### Information provided
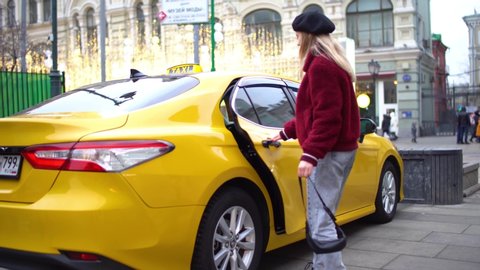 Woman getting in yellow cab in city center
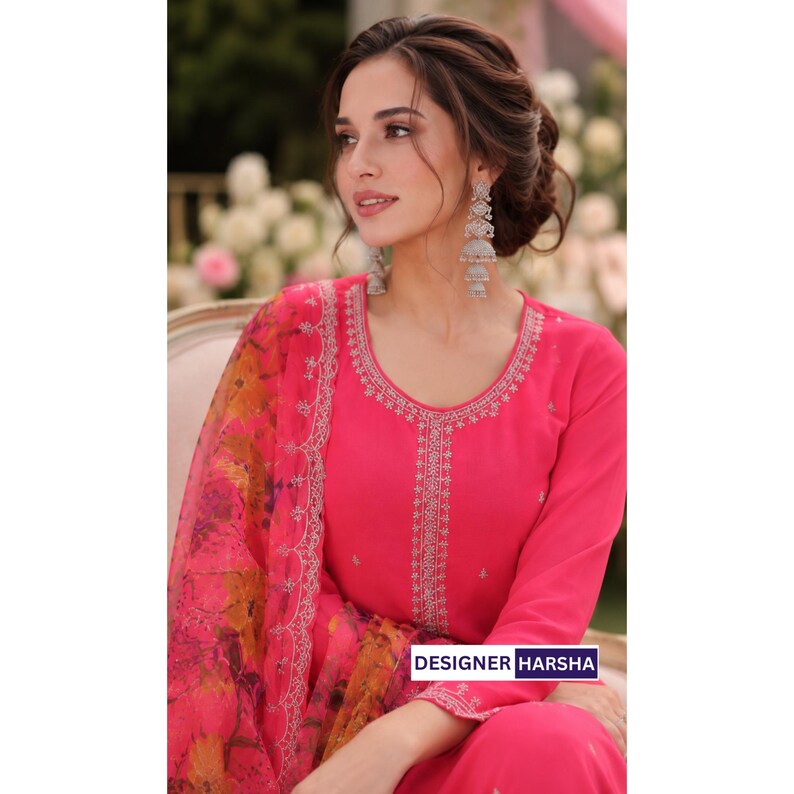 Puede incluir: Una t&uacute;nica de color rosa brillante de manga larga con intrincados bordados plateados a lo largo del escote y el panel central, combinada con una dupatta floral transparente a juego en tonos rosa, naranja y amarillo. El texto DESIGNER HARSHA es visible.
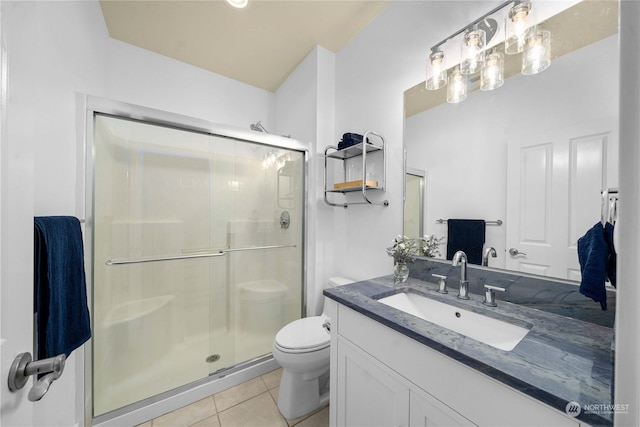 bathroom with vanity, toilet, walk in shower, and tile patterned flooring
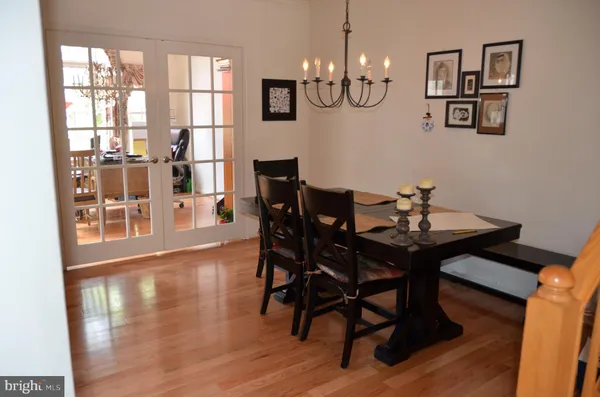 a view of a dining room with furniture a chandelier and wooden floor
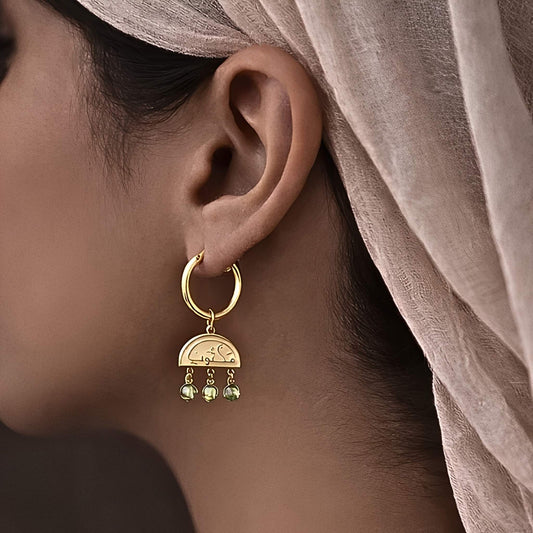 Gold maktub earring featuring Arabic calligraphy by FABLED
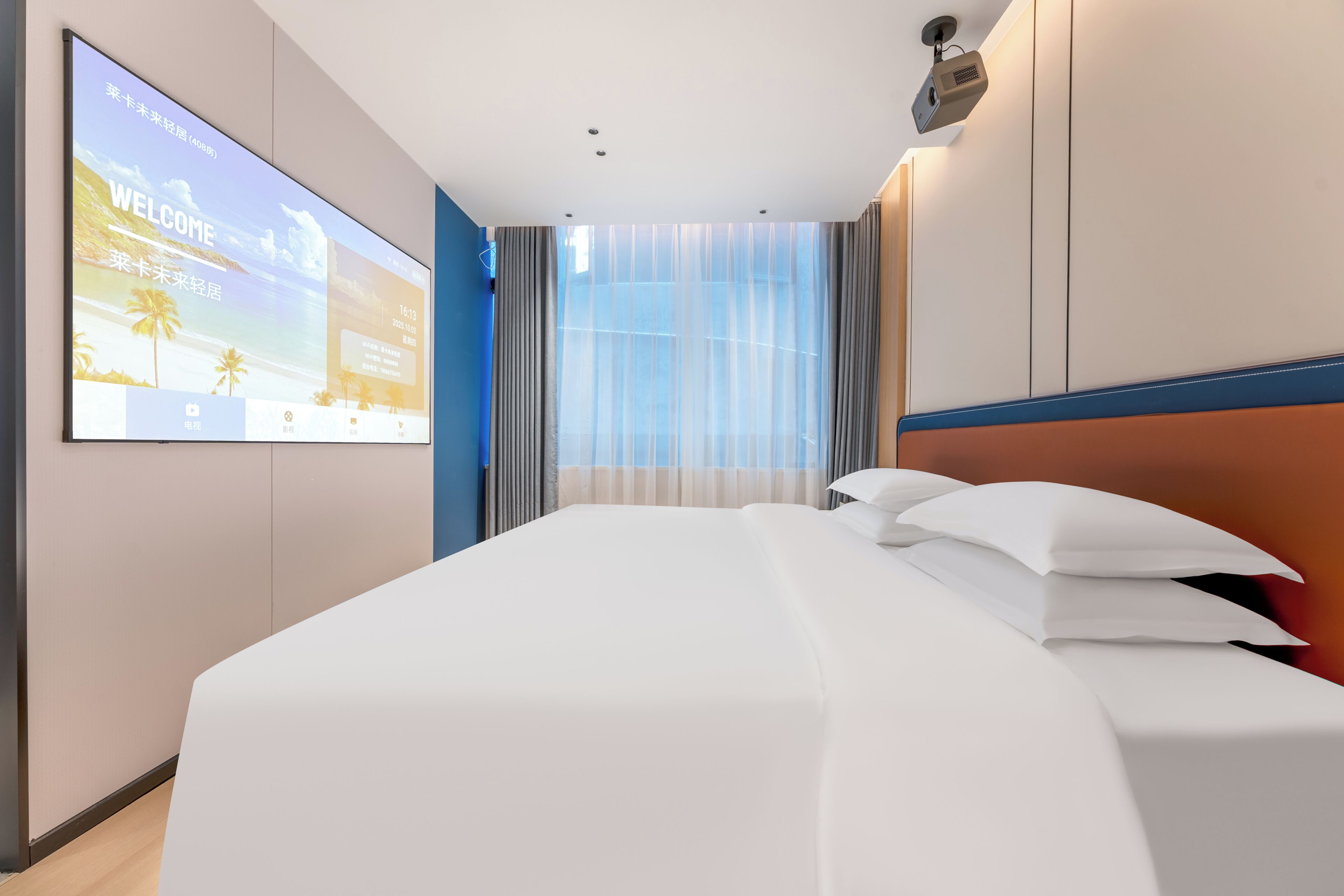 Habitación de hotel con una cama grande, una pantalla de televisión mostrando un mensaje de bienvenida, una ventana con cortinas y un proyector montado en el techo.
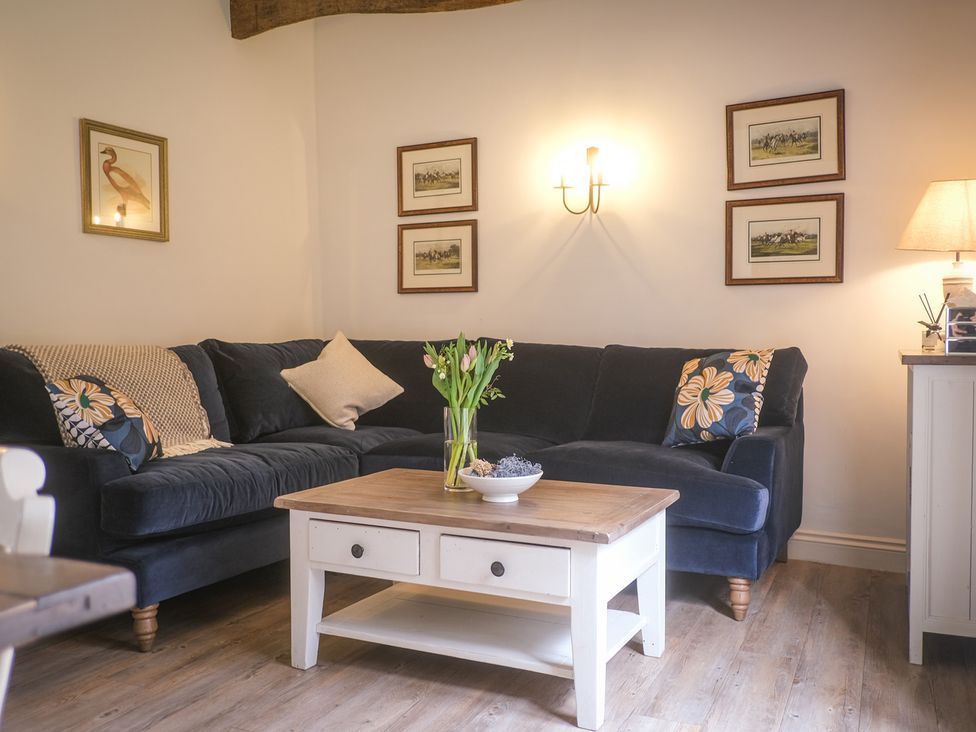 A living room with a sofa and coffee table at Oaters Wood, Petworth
---
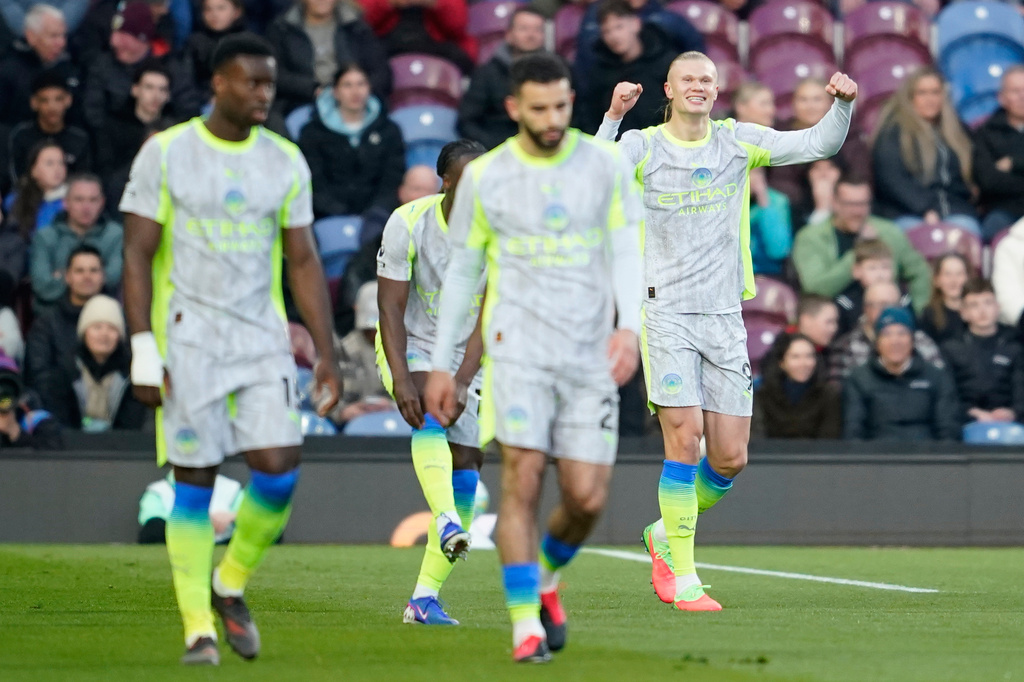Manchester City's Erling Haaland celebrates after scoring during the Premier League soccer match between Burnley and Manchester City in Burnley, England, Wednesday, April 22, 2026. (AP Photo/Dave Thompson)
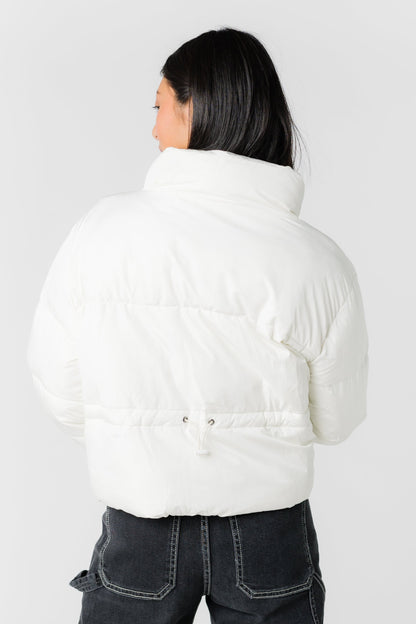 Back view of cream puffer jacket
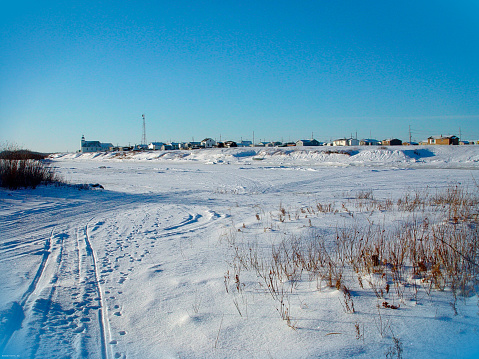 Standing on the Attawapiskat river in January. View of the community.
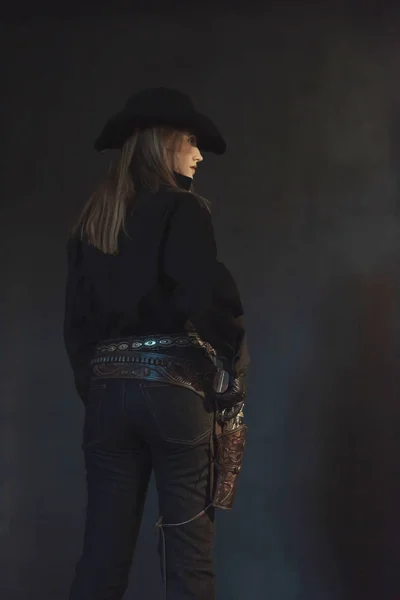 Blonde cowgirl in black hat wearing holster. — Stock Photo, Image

### Task statement
Out of the records above, please copy exactly the lines from the line with "Woman getting in yellow cab in city center" up to and including the line with "Gold maktub earring", minus the pictures.

### Answer for the task
 Woman getting in yellow cab in city center
 Puede incluir: Una t&uacute;nica de color rosa brillante de manga larga con intrincados bordados plateados a lo largo del escote y el panel central, combinada con una dupatta floral transparente a juego en tonos rosa, naranja y amarillo. El texto DESIGNER HARSHA es visible.
 bathroom with vanity, toilet, walk in shower, and tile patterned flooring
 a view of a dining room with furniture a chandelier and wooden floor
 Gold maktub earring featuring Arabic calligraphy by FABLED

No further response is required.